Portanto, vive-se não um regime verdadeiramente democrático, mas um regime fascista – “um fascismo ainda pior que o tradicional, mas já não seria exatamente fascismo. Seria algo que na realidade já estamos vivemos e que os fascistas vivem de modo exasperado e monstruoso, mas não sem razão”.[xxiii]
Num artigo de 24 de junho de 1974 para o Corriere de la Sera intitulado “O verdadeiro fascismo e, portanto, o verdadeiro antifascismo”, Pasolini observou que durante muitos séculos, na Itália, a cultura da classe dominante e a cultura da classe dominada – a cultura popular dos operários e dos camponeses permaneceram diferenciáveis, mesmo que historicamente unificadas na cultura da nação. E observou: “Hoje – quase de supetão, numa espécie de Advento, distinção e unificação histórica foram substituídas por uma padronização que realiza quase milagrosamente o sonho interclassista do velho Poder. A que se deve tal padronização? Evidentemente, a um novo Poder”.[xxiv]
Pasolini escreve esse “Poder” com maiúscula só porque – diz ele – “sinceramente, não sei em que consiste esse novo Poder e quem o representa.
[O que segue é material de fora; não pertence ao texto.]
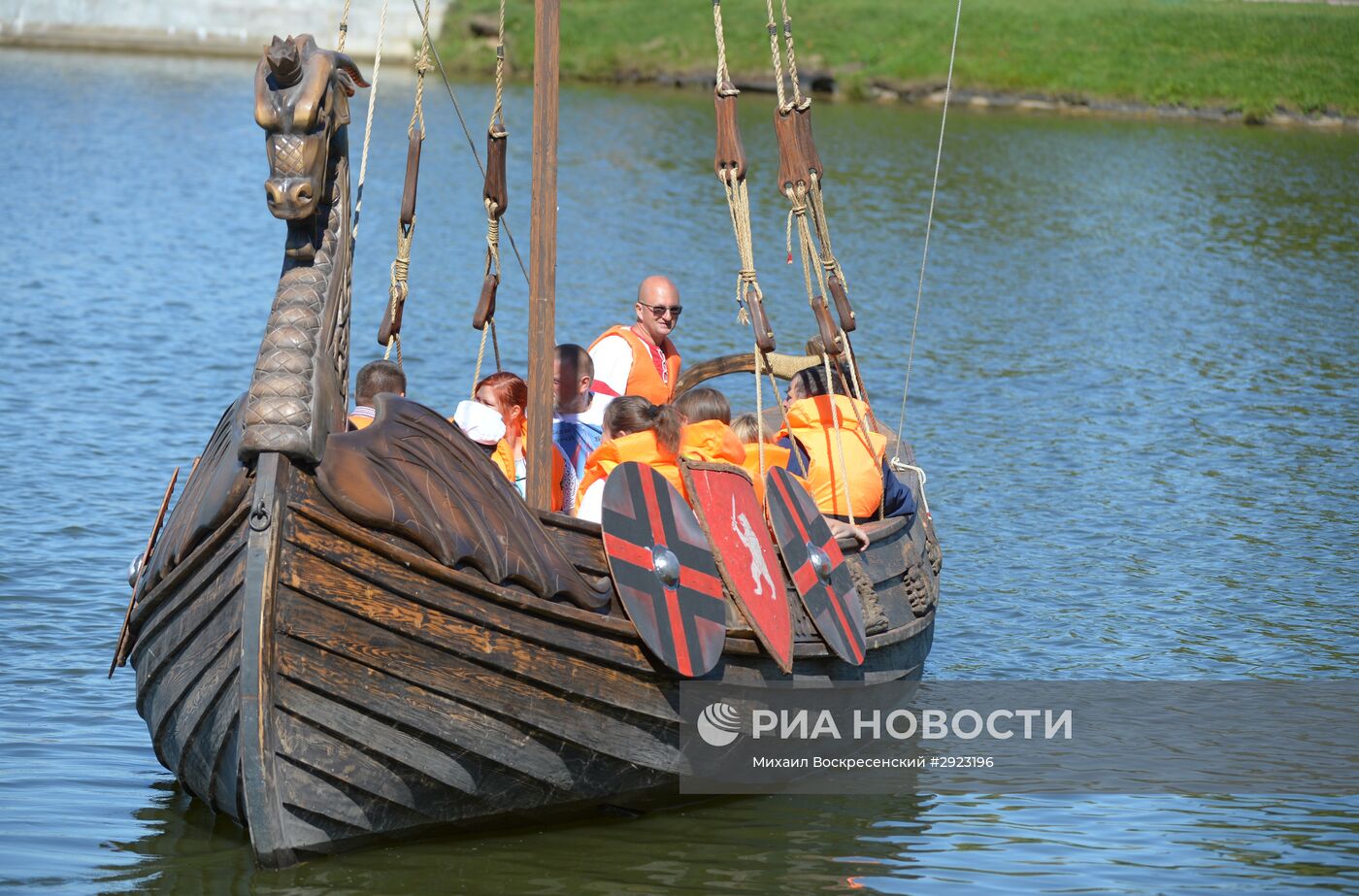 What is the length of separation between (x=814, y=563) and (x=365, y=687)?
198 centimetres

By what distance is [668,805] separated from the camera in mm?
6801

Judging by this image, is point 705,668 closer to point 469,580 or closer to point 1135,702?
point 469,580

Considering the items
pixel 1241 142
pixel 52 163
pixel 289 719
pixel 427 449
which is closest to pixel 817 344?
pixel 427 449

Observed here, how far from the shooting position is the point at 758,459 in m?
7.45

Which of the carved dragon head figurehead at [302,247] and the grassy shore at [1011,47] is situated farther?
the grassy shore at [1011,47]

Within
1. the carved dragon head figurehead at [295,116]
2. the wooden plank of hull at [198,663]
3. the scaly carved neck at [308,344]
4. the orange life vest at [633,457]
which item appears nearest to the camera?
the carved dragon head figurehead at [295,116]

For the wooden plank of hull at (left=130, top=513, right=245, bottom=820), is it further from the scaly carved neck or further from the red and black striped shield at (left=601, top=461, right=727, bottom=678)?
the red and black striped shield at (left=601, top=461, right=727, bottom=678)

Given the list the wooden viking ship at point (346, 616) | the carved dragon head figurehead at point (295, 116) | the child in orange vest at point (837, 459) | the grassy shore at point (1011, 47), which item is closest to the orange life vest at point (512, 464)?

Sei simplesmente que existe. Não o reconheço mais nem no Vaticano, nem nos poderosos democratas-cristãos, nem nas Forças Armadas. Não o reconheço mais nem mesmo na grande indústria, porque ela não é mais formada por um certo número limitado de grandes industriais: a mim, pelo menos, ela aparece antes como um todo (industrialização total) e, além do mais, como um todo não italiano (transnacional). Conheço também porque as vejo e as vivo algumas características desse novo Poder ainda sem rosto: por exemplo, sua recusa do velho reacionarismo e do velho clericalismo, sua decisão de abandonar a Igreja, sua determinação (coroada de sucesso) em transformar camponeses e subproletários em pequenos burgueses, e sobretudo sua ânsia, por assim dizer cósmica, de ir até o fundo do ‘Desenvolvimento’: produzir e consumir”.[xxv]
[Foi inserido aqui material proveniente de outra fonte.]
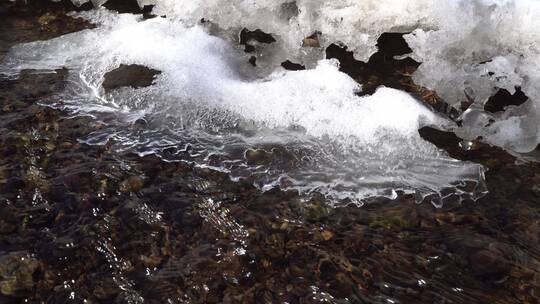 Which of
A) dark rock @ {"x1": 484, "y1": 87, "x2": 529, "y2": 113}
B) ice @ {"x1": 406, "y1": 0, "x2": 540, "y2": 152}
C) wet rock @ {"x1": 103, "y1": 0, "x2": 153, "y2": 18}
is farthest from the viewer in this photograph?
wet rock @ {"x1": 103, "y1": 0, "x2": 153, "y2": 18}

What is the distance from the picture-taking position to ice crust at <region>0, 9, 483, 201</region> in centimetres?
355

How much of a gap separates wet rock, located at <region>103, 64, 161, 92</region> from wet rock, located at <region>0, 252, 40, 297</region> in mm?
1954

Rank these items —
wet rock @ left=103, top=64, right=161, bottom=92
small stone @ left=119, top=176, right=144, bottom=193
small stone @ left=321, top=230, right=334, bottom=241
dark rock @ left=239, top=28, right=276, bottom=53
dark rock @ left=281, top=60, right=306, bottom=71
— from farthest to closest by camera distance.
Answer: dark rock @ left=239, top=28, right=276, bottom=53, dark rock @ left=281, top=60, right=306, bottom=71, wet rock @ left=103, top=64, right=161, bottom=92, small stone @ left=119, top=176, right=144, bottom=193, small stone @ left=321, top=230, right=334, bottom=241

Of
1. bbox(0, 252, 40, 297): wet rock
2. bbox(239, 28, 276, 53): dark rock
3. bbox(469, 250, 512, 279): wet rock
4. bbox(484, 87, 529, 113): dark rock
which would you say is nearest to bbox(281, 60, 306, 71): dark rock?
bbox(239, 28, 276, 53): dark rock

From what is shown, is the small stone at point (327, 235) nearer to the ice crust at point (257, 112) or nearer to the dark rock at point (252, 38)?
the ice crust at point (257, 112)

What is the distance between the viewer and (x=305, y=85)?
171 inches

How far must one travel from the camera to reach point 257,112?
409 centimetres

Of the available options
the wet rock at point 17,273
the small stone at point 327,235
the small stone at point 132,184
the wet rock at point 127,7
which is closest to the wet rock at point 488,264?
the small stone at point 327,235

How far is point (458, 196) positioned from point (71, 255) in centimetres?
254

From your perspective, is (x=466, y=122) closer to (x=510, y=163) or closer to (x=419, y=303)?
(x=510, y=163)

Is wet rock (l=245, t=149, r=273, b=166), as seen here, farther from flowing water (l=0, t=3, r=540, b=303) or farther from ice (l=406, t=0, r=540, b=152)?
ice (l=406, t=0, r=540, b=152)

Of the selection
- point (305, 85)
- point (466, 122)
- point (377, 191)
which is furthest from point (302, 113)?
point (466, 122)

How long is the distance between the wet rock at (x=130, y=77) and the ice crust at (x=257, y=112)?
7cm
Pasolini tenta descrever os traços do novo Poder que emerge com o neocapitalismo que se consolidou na década de 1960 na Itália. Ele diz que ele tem certos traços “modernos” devidos à tolerância e à ideologia hedonista “perfeitamente autossuficiente”, mas ele percebe, por outro lado, “certos traços ferozes, essencialmente repressivos”. Mas Pasolini desvela a falsidade do novo Poder burguês: “a tolerância é de fato falsa, porque na realidade nenhum homem jamais foi obrigado a ser tão normal e conformista quanto o consumidor; e quanto ao hedonismo, ele encobre evidentemente uma decisão de preordenar tudo com uma crueldade sem precedentes na história”[xxvi].
Esse novo Poder, diz ele – “não representado ainda por ninguém e resultante de uma ‘mutação’ da classe dominante, é na realidade se quisermos conservar a velha terminologia – uma forma “total” do fascismo”. Para Pasolini, fascismo é Poder que se impõe sobre os outros de forma repressiva. Tal como em Saló, os jovens são obrigados a servir às personalidades do Poder que comandam a cena do terror. Para Pasolini, a tolerância é repressiva pois impõe a “padronização” cultural. Esse Poder – diz ele – “padronizou” culturalmente a Itália: trata-se, portanto, de uma “padronização” repressiva, mesmo se obtida através da imposição do hedonismo e da joie de vivre. A estratégia da tensão é um indício, mesmo que essencialmente anacrônico, de tudo isso”[xxvii].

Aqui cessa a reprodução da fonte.